Emergency Medical Services (EMS) were affected by COVID-19 as well as EDs. As of April 3, 2020, many out-of-hospital EMS providers adopted a protocol stating any cardiac arrest would not be taken to an ED and rather pronounced dead on scene, unless return of spontaneous circulation was obtained.
US residents, in general, felt their civil and personal rights were being violated by government and public health providers. No universal law went into effect in “shutting down” the country. All states were allowed to make their own rules regarding mask wearing enforcement, closing businesses, and for social distancing laws. Mandatory mask wearing took time to be enforced. Some local counties adopted social distancing and shutting down businesses, while other counties in the same state were open as normal. When US residents were told to stay home for two weeks or wear masks, some refused with the attitude that no one can make them do anything “violating” their rights. Even though masks are required in business locations, some people still refused to wear them without consequences. Also, some people blamed the presidential election as a reason for all the rules, such as businesses not being able to open normally. As of mid-September 2020, six months after the pandemic hit the US, they are still waiting up to five days for results after patients are admitted to hospitals and many patients are discharged back into the community before COVID-19 results return. While many places have point-of-care tests available for COVID-19, there remains certain areas which still can’t get the test, or have a limited number of test kits available, and can’t get more at this time. In addition, N95 masks supply is unreliable and many are reusing a mask for three days.

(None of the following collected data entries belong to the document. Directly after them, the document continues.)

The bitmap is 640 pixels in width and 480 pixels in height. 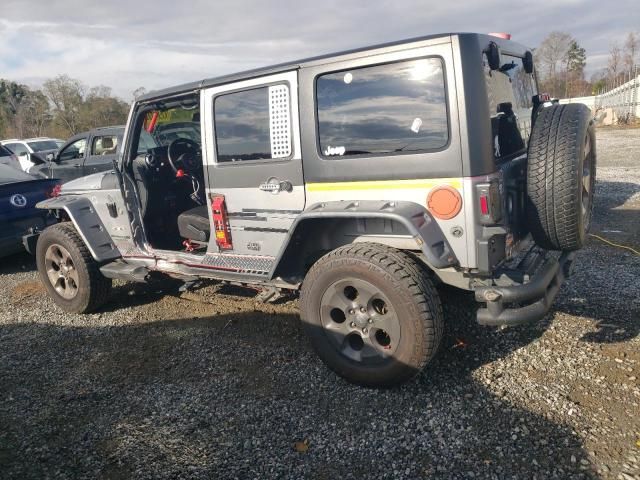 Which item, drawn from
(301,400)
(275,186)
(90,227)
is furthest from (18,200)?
(301,400)

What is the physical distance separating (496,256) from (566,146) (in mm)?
768

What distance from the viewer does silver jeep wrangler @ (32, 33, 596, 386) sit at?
2.89 meters

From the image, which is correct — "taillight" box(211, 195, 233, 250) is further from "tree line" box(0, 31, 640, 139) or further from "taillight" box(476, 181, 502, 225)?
"tree line" box(0, 31, 640, 139)

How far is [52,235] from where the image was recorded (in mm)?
4930

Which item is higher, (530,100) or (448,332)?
(530,100)

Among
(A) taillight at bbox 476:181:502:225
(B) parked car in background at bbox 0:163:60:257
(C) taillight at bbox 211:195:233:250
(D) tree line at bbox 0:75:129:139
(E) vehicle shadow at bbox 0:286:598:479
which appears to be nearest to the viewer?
(E) vehicle shadow at bbox 0:286:598:479

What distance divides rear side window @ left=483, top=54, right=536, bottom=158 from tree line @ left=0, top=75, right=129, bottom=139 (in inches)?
1291

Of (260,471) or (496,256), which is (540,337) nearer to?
(496,256)

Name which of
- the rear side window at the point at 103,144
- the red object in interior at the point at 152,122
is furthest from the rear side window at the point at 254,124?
the rear side window at the point at 103,144

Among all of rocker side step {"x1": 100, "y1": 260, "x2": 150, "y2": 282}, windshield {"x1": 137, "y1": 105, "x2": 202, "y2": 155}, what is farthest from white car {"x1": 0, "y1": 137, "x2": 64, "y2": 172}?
rocker side step {"x1": 100, "y1": 260, "x2": 150, "y2": 282}

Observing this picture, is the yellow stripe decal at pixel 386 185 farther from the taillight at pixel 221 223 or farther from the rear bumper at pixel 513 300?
the taillight at pixel 221 223

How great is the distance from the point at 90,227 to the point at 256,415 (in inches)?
110

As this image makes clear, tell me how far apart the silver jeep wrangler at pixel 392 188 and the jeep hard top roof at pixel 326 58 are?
0.01m

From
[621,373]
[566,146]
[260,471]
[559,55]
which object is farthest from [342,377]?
[559,55] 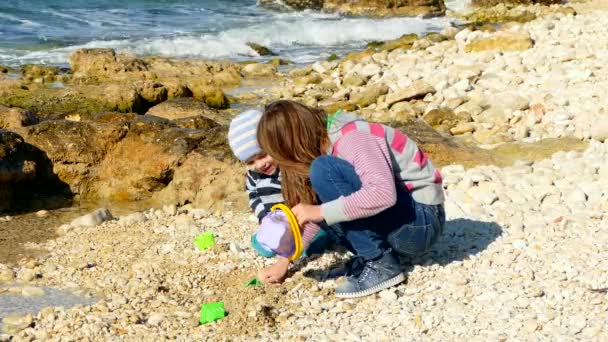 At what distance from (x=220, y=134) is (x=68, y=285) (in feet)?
7.56

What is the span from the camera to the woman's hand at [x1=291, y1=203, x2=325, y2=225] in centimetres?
395

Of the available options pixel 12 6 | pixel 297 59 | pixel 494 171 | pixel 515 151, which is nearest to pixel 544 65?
pixel 515 151

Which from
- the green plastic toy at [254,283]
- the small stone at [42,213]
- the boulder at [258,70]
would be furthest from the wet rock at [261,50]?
the green plastic toy at [254,283]

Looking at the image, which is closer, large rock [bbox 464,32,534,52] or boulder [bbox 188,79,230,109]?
boulder [bbox 188,79,230,109]

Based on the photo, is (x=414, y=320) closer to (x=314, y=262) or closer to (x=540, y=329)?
(x=540, y=329)

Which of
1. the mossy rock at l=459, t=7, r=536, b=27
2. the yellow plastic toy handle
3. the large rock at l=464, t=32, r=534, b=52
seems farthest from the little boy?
the mossy rock at l=459, t=7, r=536, b=27

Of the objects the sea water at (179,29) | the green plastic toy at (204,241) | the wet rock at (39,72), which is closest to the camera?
the green plastic toy at (204,241)

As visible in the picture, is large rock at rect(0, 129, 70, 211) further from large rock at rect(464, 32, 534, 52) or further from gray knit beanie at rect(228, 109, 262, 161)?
large rock at rect(464, 32, 534, 52)

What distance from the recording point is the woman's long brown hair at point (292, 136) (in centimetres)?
382

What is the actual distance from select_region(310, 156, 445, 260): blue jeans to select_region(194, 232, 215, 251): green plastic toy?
1001 mm

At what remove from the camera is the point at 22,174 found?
6422 mm

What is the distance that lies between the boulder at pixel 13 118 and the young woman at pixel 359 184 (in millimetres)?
4029

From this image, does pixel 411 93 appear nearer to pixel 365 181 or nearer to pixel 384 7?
pixel 365 181

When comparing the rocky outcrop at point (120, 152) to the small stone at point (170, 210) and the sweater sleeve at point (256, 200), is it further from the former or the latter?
the sweater sleeve at point (256, 200) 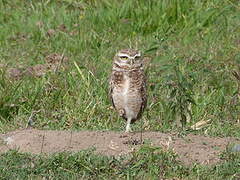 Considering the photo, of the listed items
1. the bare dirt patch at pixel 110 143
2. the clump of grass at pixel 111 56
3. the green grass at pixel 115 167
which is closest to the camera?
the green grass at pixel 115 167

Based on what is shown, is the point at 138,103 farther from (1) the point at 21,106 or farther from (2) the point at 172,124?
(1) the point at 21,106

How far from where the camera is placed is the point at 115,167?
23.3 ft

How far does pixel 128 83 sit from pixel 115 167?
Answer: 1273 mm

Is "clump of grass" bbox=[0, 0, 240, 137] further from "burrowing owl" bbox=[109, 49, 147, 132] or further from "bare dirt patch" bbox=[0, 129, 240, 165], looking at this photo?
"bare dirt patch" bbox=[0, 129, 240, 165]

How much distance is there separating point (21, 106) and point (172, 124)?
1852mm

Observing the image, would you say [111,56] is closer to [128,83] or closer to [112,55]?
[112,55]

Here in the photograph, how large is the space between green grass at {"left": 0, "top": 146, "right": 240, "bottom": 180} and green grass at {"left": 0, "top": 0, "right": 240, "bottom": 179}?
25cm

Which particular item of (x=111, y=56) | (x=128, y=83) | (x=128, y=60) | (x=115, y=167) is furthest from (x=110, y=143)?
(x=111, y=56)

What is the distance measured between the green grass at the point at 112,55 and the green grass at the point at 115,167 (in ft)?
0.82

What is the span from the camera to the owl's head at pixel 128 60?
26.8 ft

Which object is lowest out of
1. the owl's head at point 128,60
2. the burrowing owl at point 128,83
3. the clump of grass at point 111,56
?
the clump of grass at point 111,56

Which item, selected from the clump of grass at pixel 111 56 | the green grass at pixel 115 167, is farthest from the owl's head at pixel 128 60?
the green grass at pixel 115 167

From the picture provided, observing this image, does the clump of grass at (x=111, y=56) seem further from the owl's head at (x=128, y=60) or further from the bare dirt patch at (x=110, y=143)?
the bare dirt patch at (x=110, y=143)

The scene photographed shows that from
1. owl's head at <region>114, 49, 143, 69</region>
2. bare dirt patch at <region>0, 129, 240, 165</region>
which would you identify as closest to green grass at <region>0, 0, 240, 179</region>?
owl's head at <region>114, 49, 143, 69</region>
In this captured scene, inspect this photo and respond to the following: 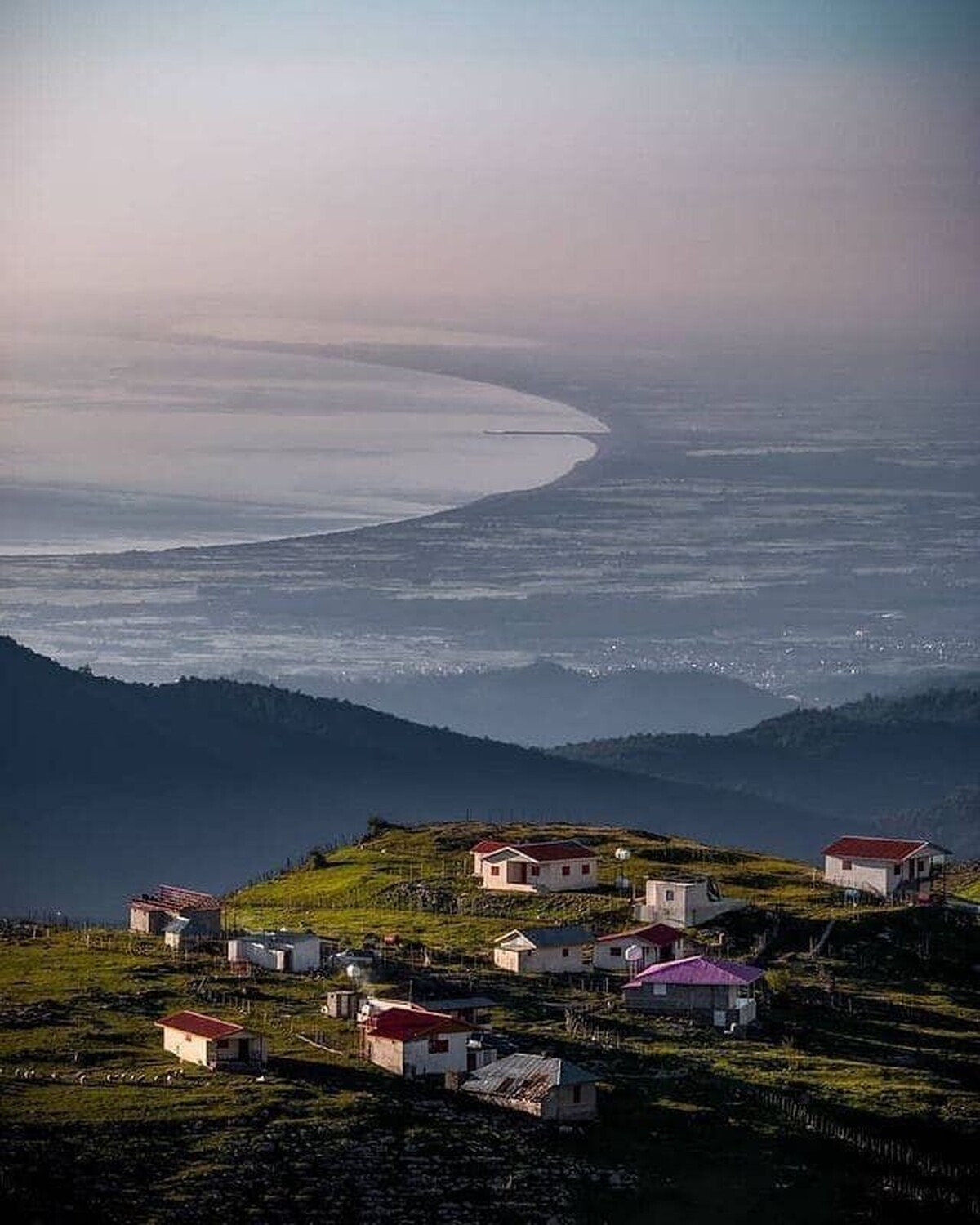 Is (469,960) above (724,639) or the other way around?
the other way around

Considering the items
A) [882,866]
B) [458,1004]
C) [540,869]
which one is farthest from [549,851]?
[458,1004]

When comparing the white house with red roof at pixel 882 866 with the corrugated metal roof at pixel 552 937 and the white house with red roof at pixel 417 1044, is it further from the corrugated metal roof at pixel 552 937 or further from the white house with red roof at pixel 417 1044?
the white house with red roof at pixel 417 1044

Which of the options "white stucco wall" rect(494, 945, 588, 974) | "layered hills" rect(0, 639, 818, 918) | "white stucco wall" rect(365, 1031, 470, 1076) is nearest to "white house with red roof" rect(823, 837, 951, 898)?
"white stucco wall" rect(494, 945, 588, 974)

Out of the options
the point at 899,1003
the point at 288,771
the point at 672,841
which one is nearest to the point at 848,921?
the point at 899,1003

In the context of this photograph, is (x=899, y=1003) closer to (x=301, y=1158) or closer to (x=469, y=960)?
(x=469, y=960)

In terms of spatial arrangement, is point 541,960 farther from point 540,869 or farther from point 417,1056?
point 417,1056

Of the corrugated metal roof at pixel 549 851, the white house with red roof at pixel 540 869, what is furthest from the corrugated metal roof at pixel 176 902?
the corrugated metal roof at pixel 549 851

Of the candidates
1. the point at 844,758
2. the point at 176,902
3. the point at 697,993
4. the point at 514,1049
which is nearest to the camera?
the point at 514,1049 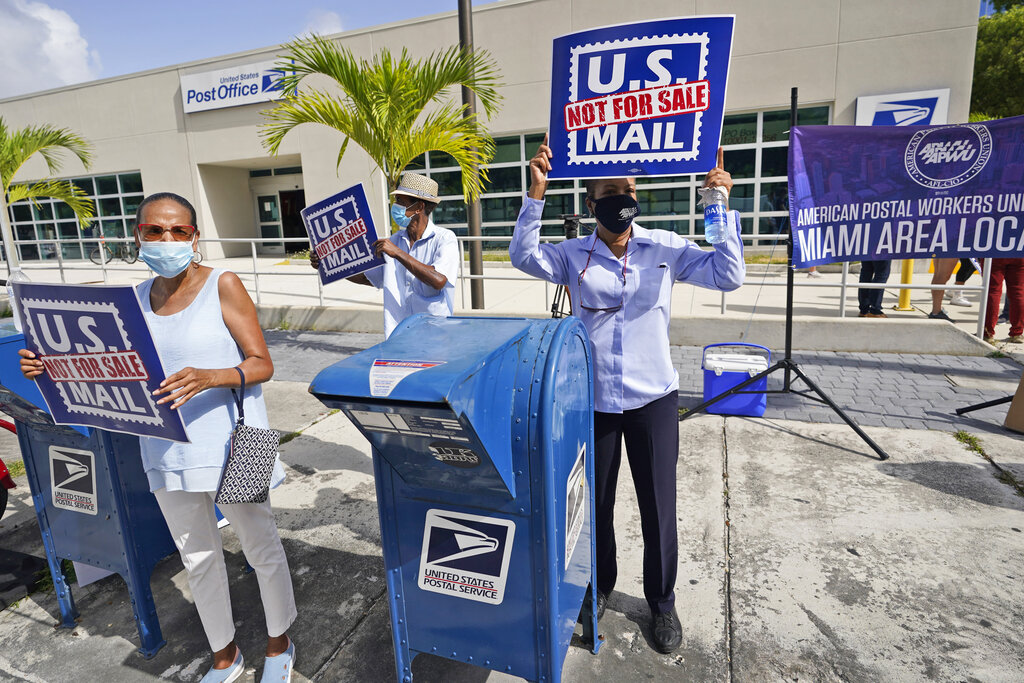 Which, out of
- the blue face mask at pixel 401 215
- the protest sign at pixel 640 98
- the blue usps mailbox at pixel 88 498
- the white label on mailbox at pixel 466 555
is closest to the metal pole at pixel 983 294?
the protest sign at pixel 640 98

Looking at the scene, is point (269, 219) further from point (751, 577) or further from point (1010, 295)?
point (751, 577)

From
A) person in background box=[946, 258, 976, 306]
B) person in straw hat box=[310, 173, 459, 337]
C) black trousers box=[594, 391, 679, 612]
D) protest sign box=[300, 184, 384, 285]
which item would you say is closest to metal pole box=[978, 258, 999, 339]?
person in background box=[946, 258, 976, 306]

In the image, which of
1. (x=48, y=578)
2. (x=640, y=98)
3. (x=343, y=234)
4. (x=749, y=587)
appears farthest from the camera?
(x=343, y=234)

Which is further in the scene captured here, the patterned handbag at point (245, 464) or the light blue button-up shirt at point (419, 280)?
the light blue button-up shirt at point (419, 280)

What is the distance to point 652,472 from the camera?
2543 millimetres

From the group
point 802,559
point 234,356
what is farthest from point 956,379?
point 234,356

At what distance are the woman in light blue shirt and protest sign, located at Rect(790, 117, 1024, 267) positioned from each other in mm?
2360

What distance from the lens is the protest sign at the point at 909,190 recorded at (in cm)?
443

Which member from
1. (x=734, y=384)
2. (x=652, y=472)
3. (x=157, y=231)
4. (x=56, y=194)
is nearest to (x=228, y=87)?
(x=56, y=194)

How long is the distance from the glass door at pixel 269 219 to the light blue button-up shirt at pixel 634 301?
2040 centimetres

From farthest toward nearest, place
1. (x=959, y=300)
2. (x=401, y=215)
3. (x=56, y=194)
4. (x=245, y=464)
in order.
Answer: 1. (x=56, y=194)
2. (x=959, y=300)
3. (x=401, y=215)
4. (x=245, y=464)

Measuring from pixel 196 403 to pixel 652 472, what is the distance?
1838 mm

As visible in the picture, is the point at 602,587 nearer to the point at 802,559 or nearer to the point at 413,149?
the point at 802,559

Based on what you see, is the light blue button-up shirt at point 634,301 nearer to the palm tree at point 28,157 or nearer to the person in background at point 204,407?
the person in background at point 204,407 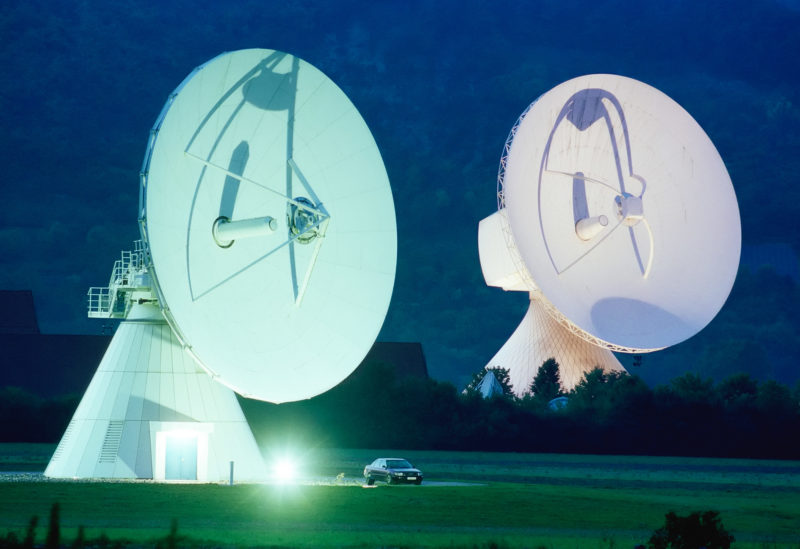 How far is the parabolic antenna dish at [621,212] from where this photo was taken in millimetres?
52781

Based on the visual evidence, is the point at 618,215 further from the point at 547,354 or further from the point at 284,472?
the point at 547,354

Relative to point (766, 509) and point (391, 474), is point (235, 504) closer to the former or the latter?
point (391, 474)

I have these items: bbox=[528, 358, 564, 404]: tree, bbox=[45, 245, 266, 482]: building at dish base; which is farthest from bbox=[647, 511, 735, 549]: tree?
bbox=[528, 358, 564, 404]: tree

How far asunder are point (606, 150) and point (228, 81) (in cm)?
2478

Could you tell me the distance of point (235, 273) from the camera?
127ft

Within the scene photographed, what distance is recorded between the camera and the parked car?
45844 millimetres

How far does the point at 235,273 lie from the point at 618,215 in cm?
2380

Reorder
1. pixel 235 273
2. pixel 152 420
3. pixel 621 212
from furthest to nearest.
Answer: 1. pixel 621 212
2. pixel 152 420
3. pixel 235 273

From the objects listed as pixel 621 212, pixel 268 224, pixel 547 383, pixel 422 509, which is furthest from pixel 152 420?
pixel 547 383

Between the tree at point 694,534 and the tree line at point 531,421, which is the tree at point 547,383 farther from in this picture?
the tree at point 694,534

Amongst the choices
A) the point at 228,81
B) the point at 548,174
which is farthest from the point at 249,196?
the point at 548,174

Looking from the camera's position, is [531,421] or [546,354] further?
[546,354]

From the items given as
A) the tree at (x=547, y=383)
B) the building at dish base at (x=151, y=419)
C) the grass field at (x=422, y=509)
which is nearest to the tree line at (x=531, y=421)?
the tree at (x=547, y=383)

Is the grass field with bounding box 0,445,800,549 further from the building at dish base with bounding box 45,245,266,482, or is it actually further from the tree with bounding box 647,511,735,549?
the tree with bounding box 647,511,735,549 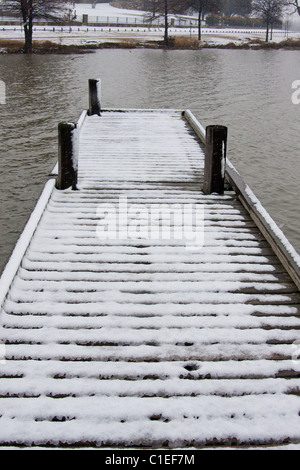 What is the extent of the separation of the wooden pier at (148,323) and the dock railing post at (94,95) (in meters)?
6.92

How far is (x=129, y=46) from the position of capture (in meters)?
50.5

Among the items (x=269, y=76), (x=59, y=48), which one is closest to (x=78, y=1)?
(x=59, y=48)

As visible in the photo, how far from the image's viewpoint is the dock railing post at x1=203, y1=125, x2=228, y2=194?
7.84 m

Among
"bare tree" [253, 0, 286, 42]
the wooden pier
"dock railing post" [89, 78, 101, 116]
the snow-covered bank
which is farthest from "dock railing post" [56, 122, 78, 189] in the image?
"bare tree" [253, 0, 286, 42]

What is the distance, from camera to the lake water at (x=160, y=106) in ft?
38.6

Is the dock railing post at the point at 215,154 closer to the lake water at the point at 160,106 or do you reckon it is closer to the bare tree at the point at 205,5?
the lake water at the point at 160,106

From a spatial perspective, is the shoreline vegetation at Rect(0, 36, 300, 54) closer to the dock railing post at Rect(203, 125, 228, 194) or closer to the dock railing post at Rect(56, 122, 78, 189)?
the dock railing post at Rect(56, 122, 78, 189)

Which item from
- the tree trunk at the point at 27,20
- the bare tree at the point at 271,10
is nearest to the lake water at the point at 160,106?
the tree trunk at the point at 27,20

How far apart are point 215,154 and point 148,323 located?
3.95 m

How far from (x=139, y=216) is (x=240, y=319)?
2.92m

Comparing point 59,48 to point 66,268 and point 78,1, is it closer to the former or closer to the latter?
point 66,268

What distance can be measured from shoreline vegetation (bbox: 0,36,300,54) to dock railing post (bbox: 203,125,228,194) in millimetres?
39454

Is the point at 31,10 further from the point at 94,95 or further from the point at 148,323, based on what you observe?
the point at 148,323

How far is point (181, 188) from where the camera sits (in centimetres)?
850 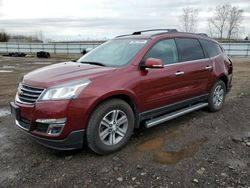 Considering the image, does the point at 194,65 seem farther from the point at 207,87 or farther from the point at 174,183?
the point at 174,183

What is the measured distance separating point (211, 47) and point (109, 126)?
3.26 meters

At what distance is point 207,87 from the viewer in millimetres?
5523

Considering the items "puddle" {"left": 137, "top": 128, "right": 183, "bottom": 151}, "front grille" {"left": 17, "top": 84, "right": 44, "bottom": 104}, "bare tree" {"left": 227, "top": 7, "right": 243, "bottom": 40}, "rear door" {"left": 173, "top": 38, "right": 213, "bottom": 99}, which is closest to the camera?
"front grille" {"left": 17, "top": 84, "right": 44, "bottom": 104}

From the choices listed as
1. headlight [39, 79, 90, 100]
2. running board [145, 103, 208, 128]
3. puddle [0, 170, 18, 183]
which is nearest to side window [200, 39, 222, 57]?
running board [145, 103, 208, 128]

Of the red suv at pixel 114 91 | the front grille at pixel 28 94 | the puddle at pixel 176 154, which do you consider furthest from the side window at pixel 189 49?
the front grille at pixel 28 94

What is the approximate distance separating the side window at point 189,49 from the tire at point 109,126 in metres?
1.63

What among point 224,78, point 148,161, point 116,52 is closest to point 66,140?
point 148,161

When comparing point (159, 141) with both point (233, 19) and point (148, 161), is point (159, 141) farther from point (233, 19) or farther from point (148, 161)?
point (233, 19)

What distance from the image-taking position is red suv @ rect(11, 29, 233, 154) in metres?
3.40

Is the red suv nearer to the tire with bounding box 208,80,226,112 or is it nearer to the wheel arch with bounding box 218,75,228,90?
the tire with bounding box 208,80,226,112

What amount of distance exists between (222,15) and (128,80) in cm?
4631

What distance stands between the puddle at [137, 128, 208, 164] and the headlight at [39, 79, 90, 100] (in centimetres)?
134

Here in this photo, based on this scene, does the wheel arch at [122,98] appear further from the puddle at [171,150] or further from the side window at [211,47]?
the side window at [211,47]

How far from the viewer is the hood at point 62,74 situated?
139 inches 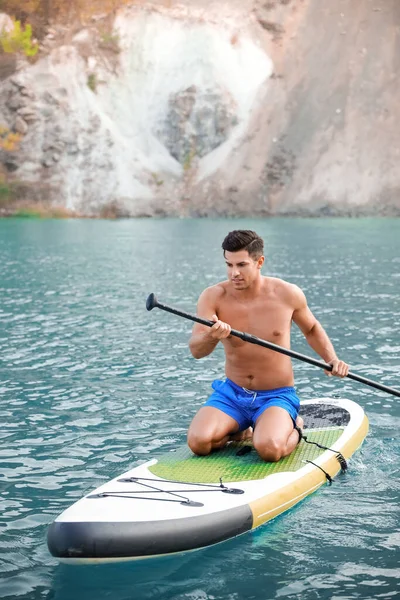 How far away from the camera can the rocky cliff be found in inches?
2963

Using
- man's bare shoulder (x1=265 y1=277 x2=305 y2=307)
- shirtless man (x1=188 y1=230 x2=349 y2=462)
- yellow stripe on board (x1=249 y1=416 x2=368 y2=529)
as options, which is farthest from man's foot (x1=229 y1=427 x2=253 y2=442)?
man's bare shoulder (x1=265 y1=277 x2=305 y2=307)

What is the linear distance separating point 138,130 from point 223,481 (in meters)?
79.0

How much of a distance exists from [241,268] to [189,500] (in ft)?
7.58

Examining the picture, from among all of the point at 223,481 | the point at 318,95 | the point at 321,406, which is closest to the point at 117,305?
the point at 321,406

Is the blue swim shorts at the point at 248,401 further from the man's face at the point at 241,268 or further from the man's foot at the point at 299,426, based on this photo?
the man's face at the point at 241,268

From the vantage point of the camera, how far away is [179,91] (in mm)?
86312

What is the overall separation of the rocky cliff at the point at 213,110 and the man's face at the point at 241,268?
66.0 metres

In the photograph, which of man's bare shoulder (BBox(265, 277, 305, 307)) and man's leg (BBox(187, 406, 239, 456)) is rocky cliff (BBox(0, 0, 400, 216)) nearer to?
man's bare shoulder (BBox(265, 277, 305, 307))

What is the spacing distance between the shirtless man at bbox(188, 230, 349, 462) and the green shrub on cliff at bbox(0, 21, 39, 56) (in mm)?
76043

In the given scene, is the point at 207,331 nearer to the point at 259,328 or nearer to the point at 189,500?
the point at 259,328

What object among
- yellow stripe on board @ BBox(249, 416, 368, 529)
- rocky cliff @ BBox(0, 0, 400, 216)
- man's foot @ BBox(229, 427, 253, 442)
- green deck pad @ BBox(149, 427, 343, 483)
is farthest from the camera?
rocky cliff @ BBox(0, 0, 400, 216)

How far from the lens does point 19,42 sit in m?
79.0

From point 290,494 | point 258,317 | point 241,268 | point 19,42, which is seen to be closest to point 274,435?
point 290,494

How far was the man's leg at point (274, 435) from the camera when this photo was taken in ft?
25.3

There are many things hospitals have done well with quick assembly of outside screening tents, integrating telehealth, and increasing negative pressure airflow room; but overall, there were many obstacles to quickly eliminating COVID-19. Most often, obstacles were related to medical supplies and resources, as well as lack of coordinated approach to the pandemic. Many countries had similar problems with much better success compared to the US, but their cultures are more accepting of shutting down their country to protect the community.
Finally, disaster research is difficult, and many papers use retrospective data, making it difficult to seek out the study limitations and extrapolate accurate and valid data. Hopefully, all can learn from this pandemic to better prepare for the next pandemic.
Conflicts of interest
There are no conflicts of interest to disclose.